Design leaders: If you haven’t talked to a user in the past two weeks, you’re cooked.

As design leaders assume more responsibility, one thing often falls through the cracks: direct connection with the user.

It’s understandable. Your calendar is packed. You’re thinking about hiring, team morale, headcount plans, design systems, research roadmaps, cross-functional alignment, showing impact—the list never ends.

But here’s the truth: If you’re not deeply connected to the user’s challenges, none of it matters.

Most design leaders think the job is running a design team. It’s not. Your job is staying obsessed with user problems.

You were put in this position to solve problems. Real ones. You were probably promoted into your position because you’re really good at solving user problems. But if you drift too far from those problems, you risk leading a team that is active but ineffective—busy, but not impactful.

Success Tracks Directly to Time with Users

Want clarity on what matters? Want to empower your team to focus? Want to show meaningful business impact?

Spend more time with users.

It’s that simple. Staying close to their frustrations, goals, and realities gives you the clearest line of sight into what your team should build—and why. It’s how you avoid chasing vanity projects and start delivering real value.

If your team is always shipping but it’s hard to articulate the impact, chances are you’re solving problems that don’t matter. And the fix? Time with users.

How to Stay Close to Users (Even When You’re Busy)

Here are practical ways to build a consistent user connection into your leadership routine:

💬 Executive Sponsorships

If your company assigns executive sponsors to major accounts, ensure you’re included in the rotation. These relationships offer a high-fidelity line to customer needs, especially for strategic, high-value users. If your org doesn’t do this yet, advocate for it—it’s a game-changer.

🧠 Sit in on Discovery Research

Not just validation. Discovery. You want raw, unfiltered user pain. Shadow your research team on calls or listen to recordings. Ask to be looped in on early-stage work where users talk about goals, frustrations, and context, not just how they’re responding to a prototype.

🆘 Listen to Support Calls

Customer support is a goldmine of insight. Join live support sessions or watch call recordings. You’ll hear the real pain points in users’ own words—and start to notice repeat patterns fast.

🎧 Join the Support Rotation

If your company allows it, work a shift. Triage tickets. Answer chats. Escalate bugs. It’s humbling—and enlightening. You’ll quickly see the delta between what you thought users struggled with and what they experience every day.

💼 Sit In on Sales Demos

Sales calls give you the unvarnished first impression. What makes people lean in? Where do they get confused? What promises are being made? You’ll understand how your product lands with new users and how your brand story is being told.
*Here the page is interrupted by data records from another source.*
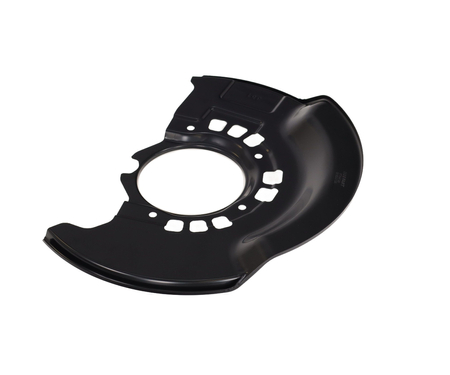 OSŁONA TARCZY HAM TOYOTA RAV-4 II 00> PRZÓD LE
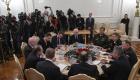 دي ميستورا: "جنيف 9" بشأن السلام في سوريا يناير المقبل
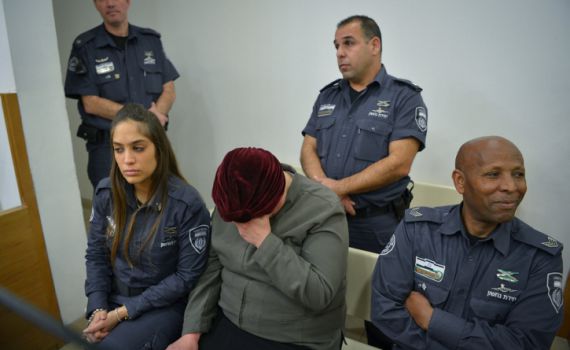 גדעון סער אישר עשרות סעיפי אישום נגד לייפר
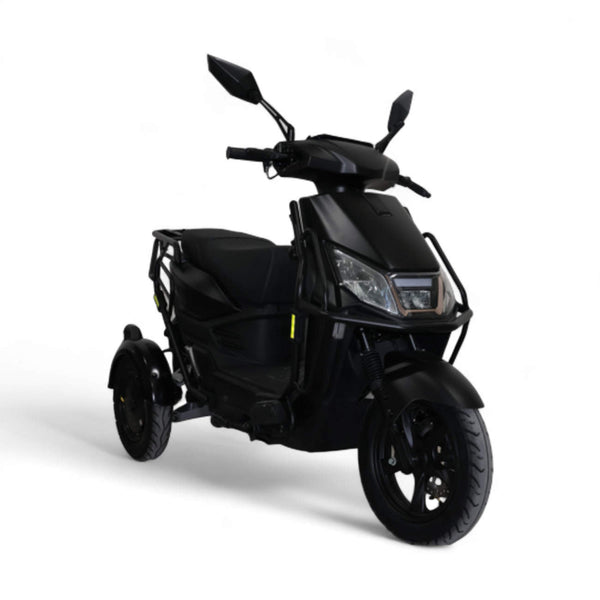 Eva 3wiel scooter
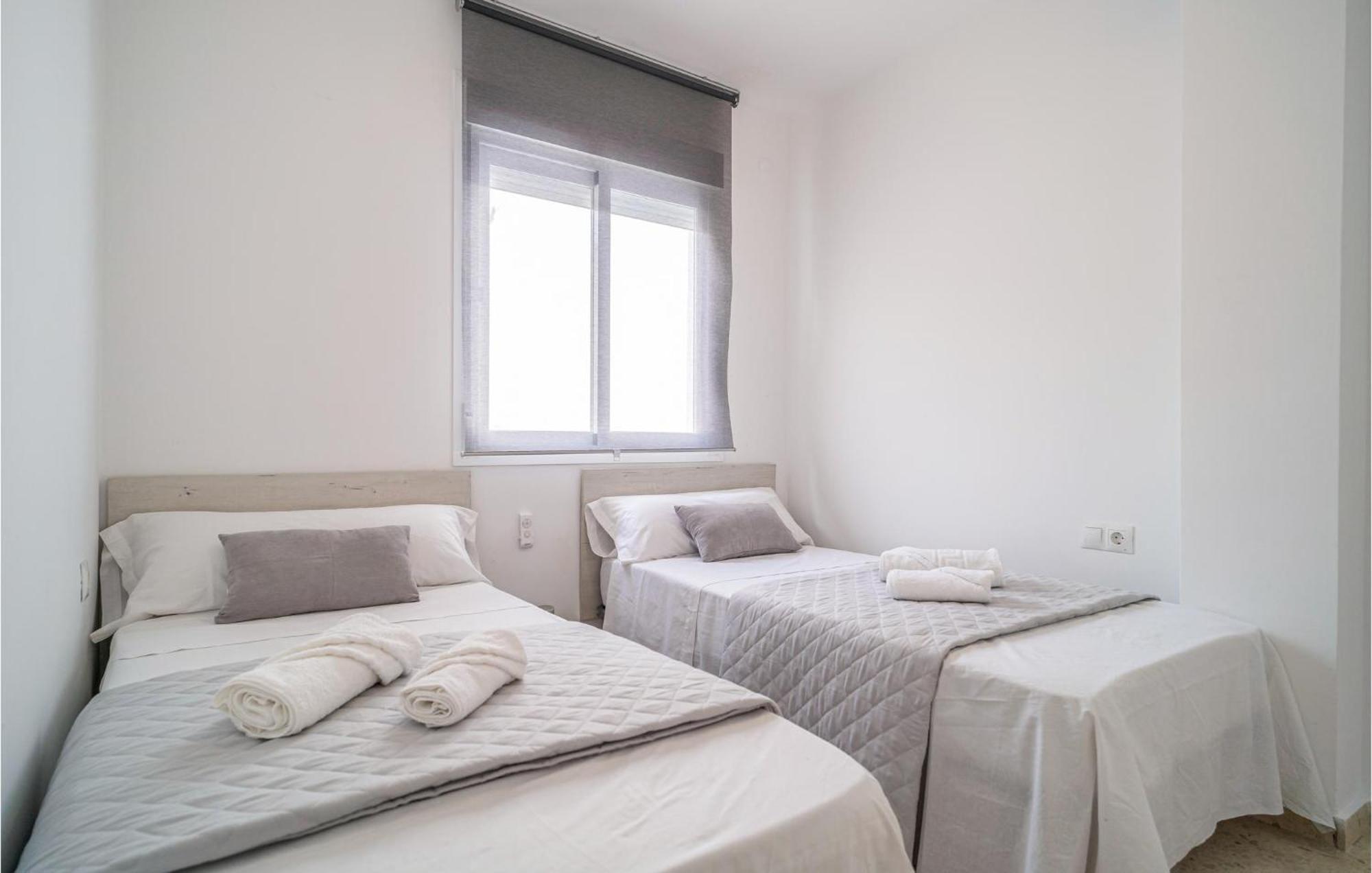 Nice Home In Velez-Malaga With Wifi Esterno foto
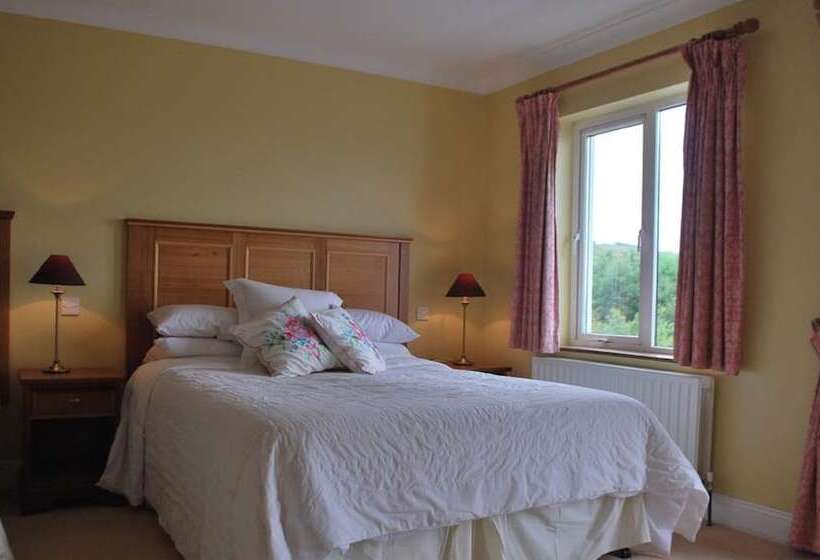 مبيت وإفطار Seapoint House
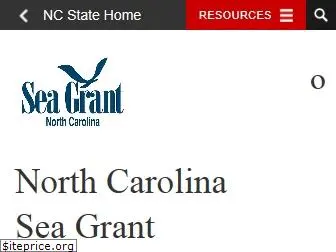 ncseagrant.org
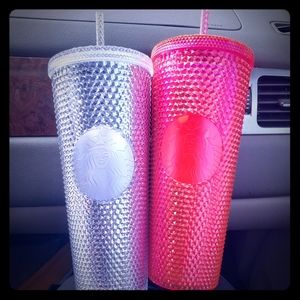 Starbucks Holiday Limited Edition Venti Tumbler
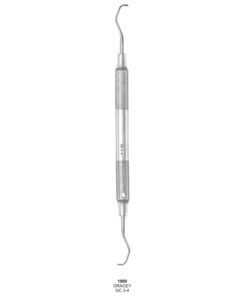 Curettes, Gracey Curettes, Dental Products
📹 Watch User Call Recordings (But Don’t Stop There)

This is the easiest path—but the least rich. Recordings are helpful, but they lack nuance and depth. You can’t probe or dig deeper. Use them as a supplement, not a substitute.

🔑 Tip: Not sure where to begin? Talk to your heads of Research and Customer Support/Success. They can plug you in right away.

So… How Much Time Should You Spend?

Let’s look at the math.

One 30-minute user call per week? That’s 1.25% of your workweek. That’s not enough. Your calendar reflects your values—whether you like it or not.

Years ago, John Chambers (former Cisco CEO) said something that stuck with me:

“Show me your calendar, and I’ll show you what you value.”

He’s right.

If understanding user needs is at the core of your team’s success (and it is), then you need to block meaningful time for it.

I recommend aiming for 20% of your time.

That’s about 8 hours a week, spent actively listening to and learning from your users.

Is that a lot? Sure. But so is the cost of working on the wrong things.

Final Thought

Being a design leader means you’re no longer just shaping pixels—you’re shaping what gets prioritized, why it matters, and how your team makes an impact.

And the only way to do that well… is to stay close to the people you’re building for.